> _Data shown_:
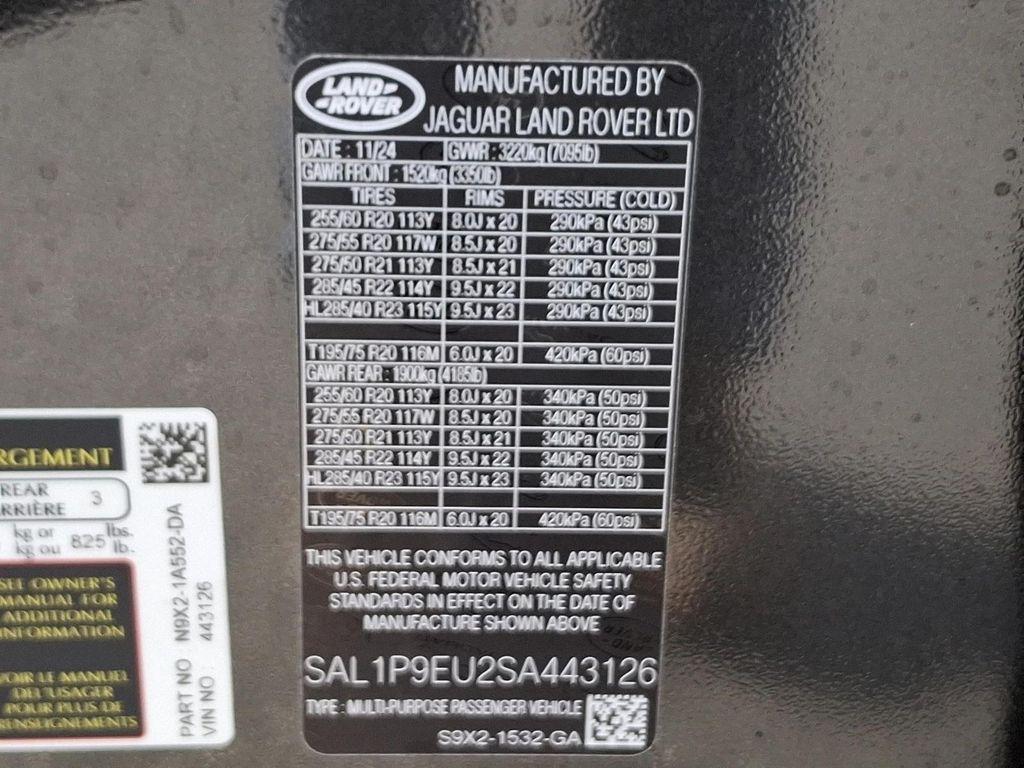 new 2025 Land Rover Range Rover Sport car, priced at $92,470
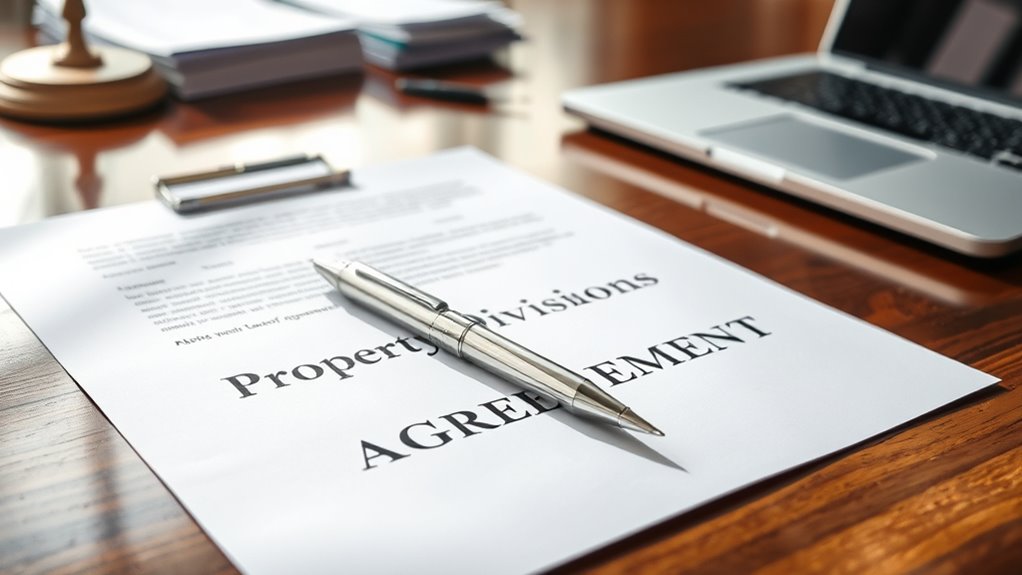 dividing property in divorce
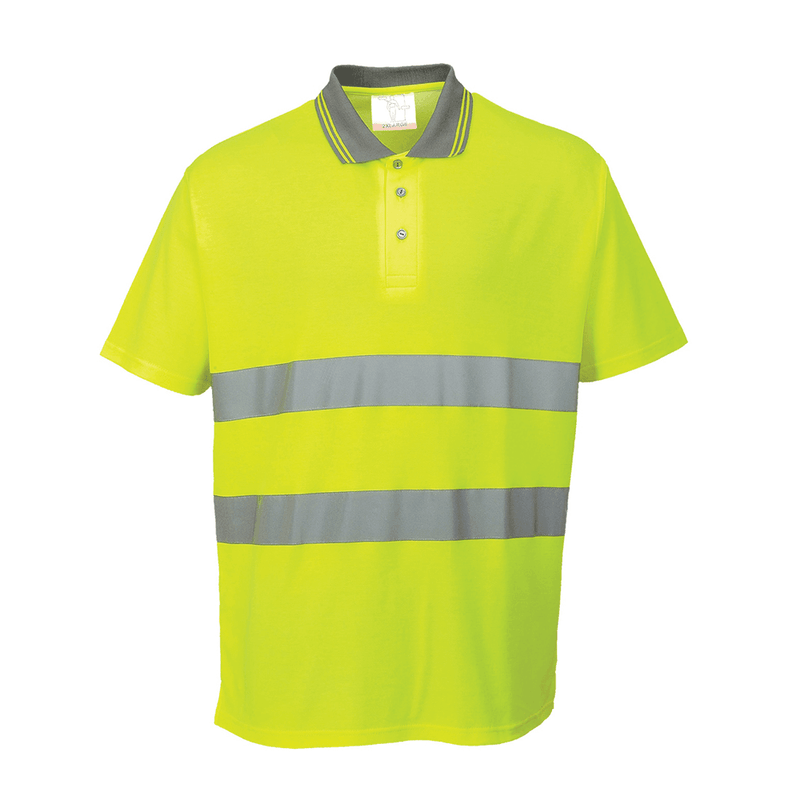 Portwest S171 Hi-Vis Cotton Comfort Breathable Polo Shirt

> _Task goal_:
Write out the data word for word. Any picture is to be skipped.

> _Expected answer_:
 new 2025 Land Rover Range Rover Sport car, priced at $92,470
 dividing property in divorce
 Portwest S171 Hi-Vis Cotton Comfort Breathable Polo Shirt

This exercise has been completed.